DATA SUPPLIED Block Start

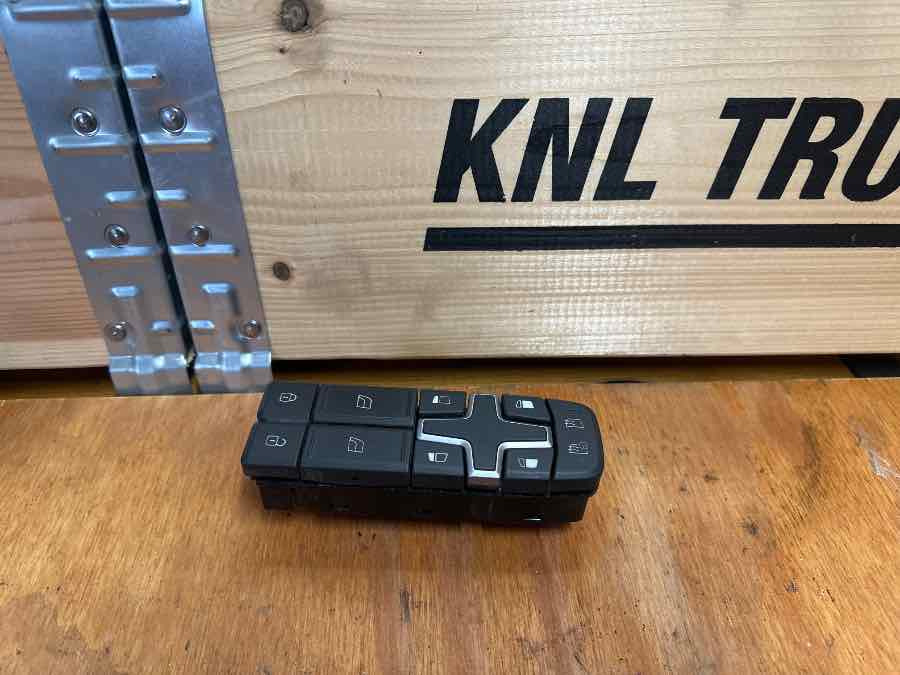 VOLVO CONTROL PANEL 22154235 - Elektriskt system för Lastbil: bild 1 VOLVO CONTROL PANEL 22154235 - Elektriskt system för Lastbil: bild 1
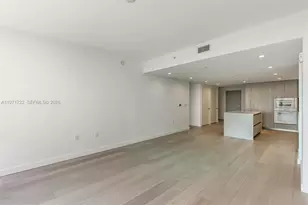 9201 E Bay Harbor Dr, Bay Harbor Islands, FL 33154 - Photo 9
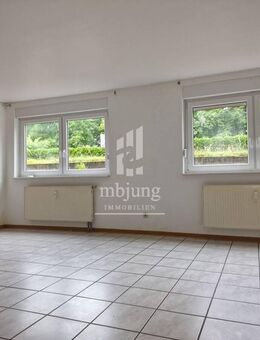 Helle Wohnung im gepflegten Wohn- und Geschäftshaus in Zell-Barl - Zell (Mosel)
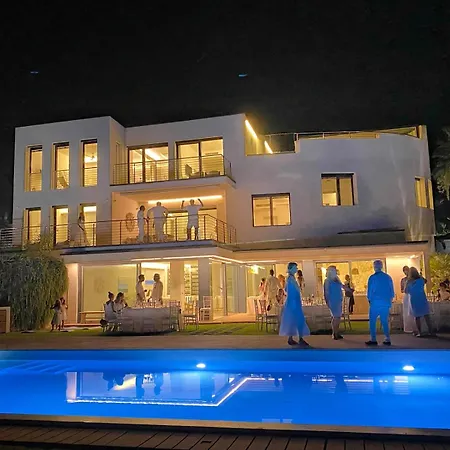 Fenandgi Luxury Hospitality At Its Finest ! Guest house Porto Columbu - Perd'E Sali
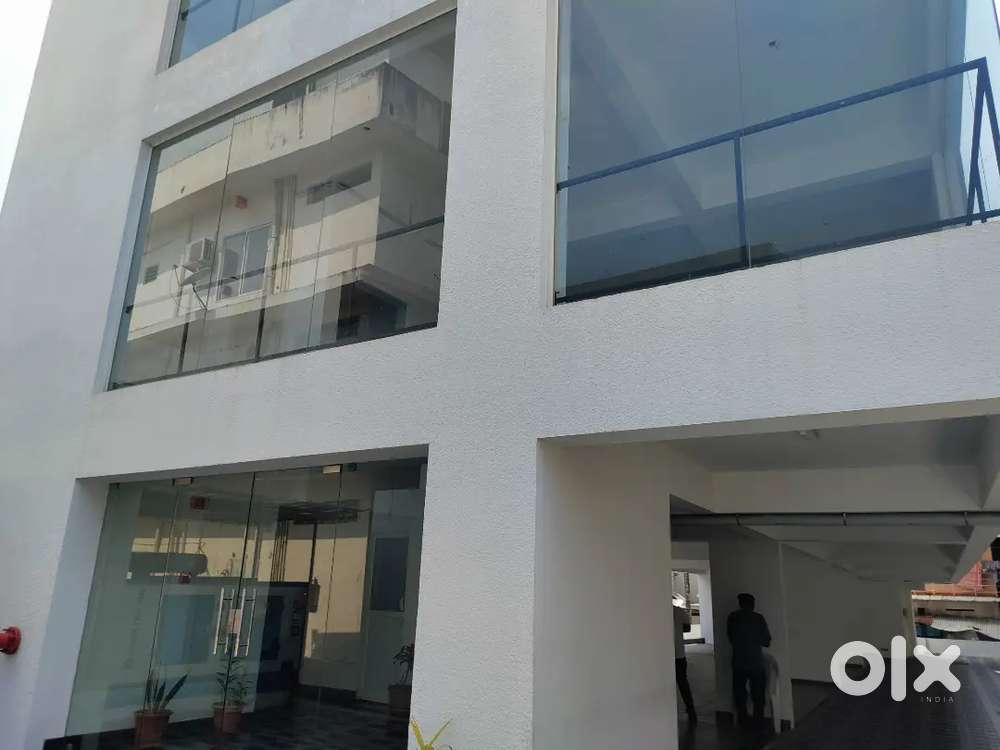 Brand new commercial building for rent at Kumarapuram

DATA SUPPLIED Block End
DATA SUPPLIED Block Start

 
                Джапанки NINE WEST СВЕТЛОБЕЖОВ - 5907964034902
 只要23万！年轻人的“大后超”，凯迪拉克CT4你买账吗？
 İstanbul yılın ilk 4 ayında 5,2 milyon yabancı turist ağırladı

DATA SUPPLIED Block End
DATA SUPPLIED Block Start

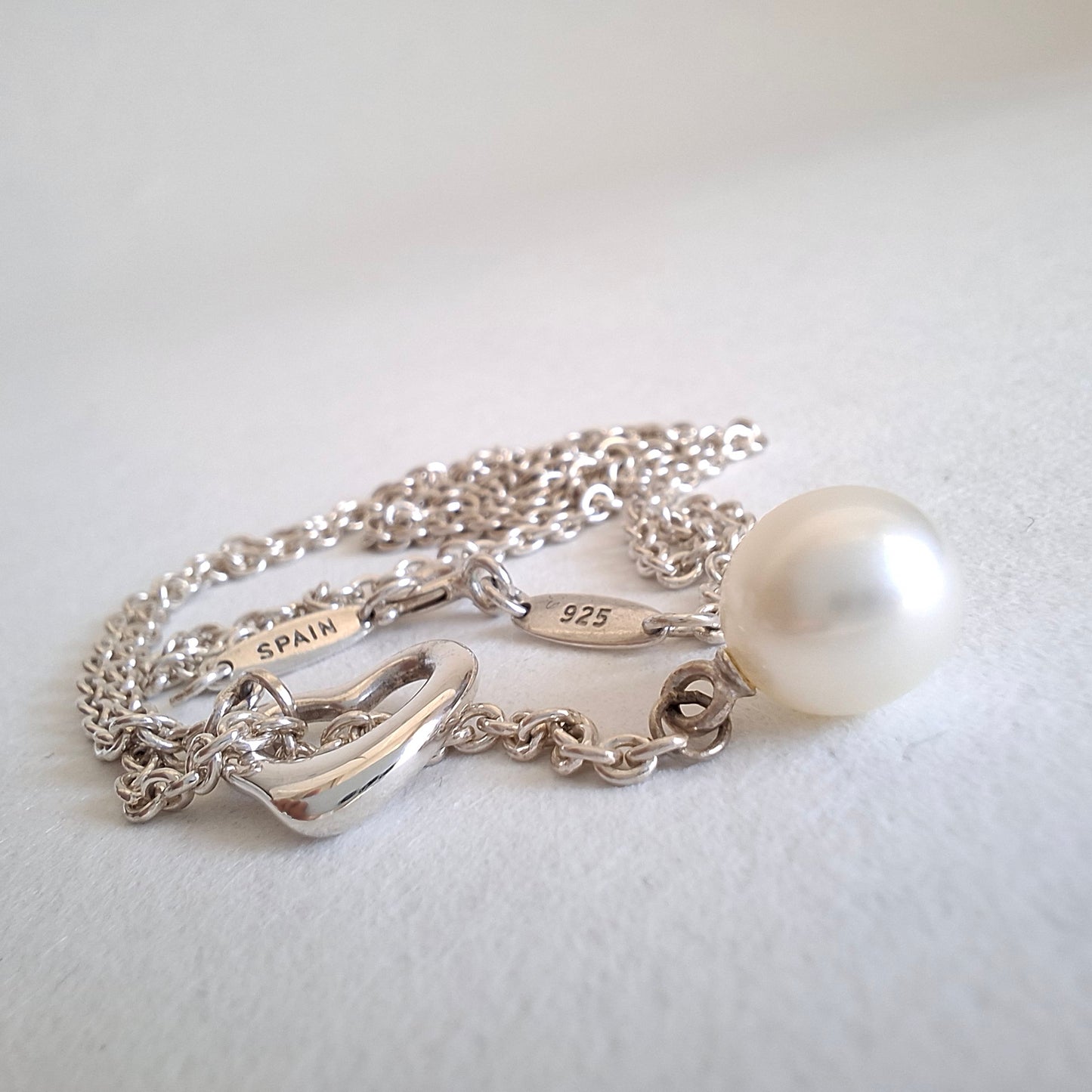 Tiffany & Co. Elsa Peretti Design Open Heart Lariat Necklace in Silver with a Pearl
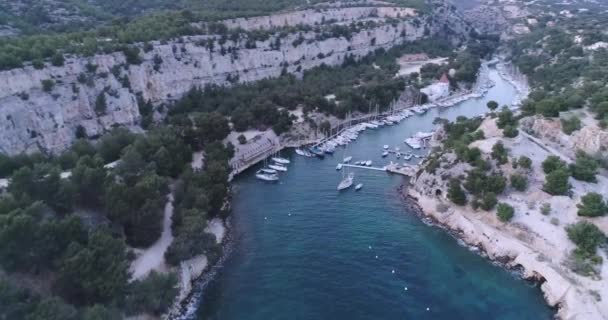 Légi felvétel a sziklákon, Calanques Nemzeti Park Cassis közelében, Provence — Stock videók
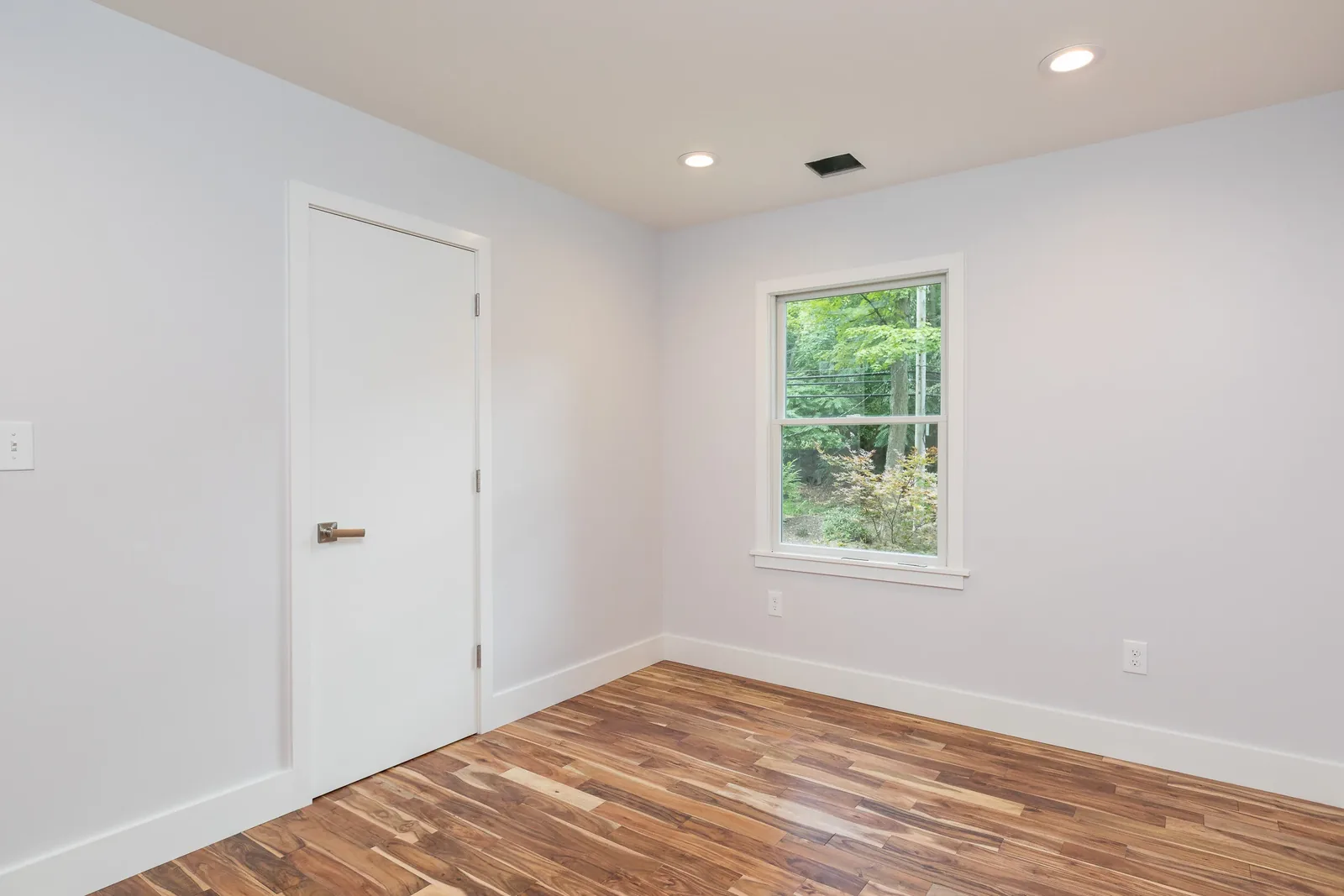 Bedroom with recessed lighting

DATA SUPPLIED Block End

## WHAT THE TASK REQUIRES
With the pictures omitted, copy exactly the lines of the listing above starting at the line containing "9201 E Bay Harbor" and ending at the line containing "Brand new commercial", both included.

## RESULT
 9201 E Bay Harbor Dr, Bay Harbor Islands, FL 33154 - Photo 9
 Helle Wohnung im gepflegten Wohn- und Geschäftshaus in Zell-Barl - Zell (Mosel)
 Fenandgi Luxury Hospitality At Its Finest ! Guest house Porto Columbu - Perd'E Sali
 Brand new commercial building for rent at Kumarapuram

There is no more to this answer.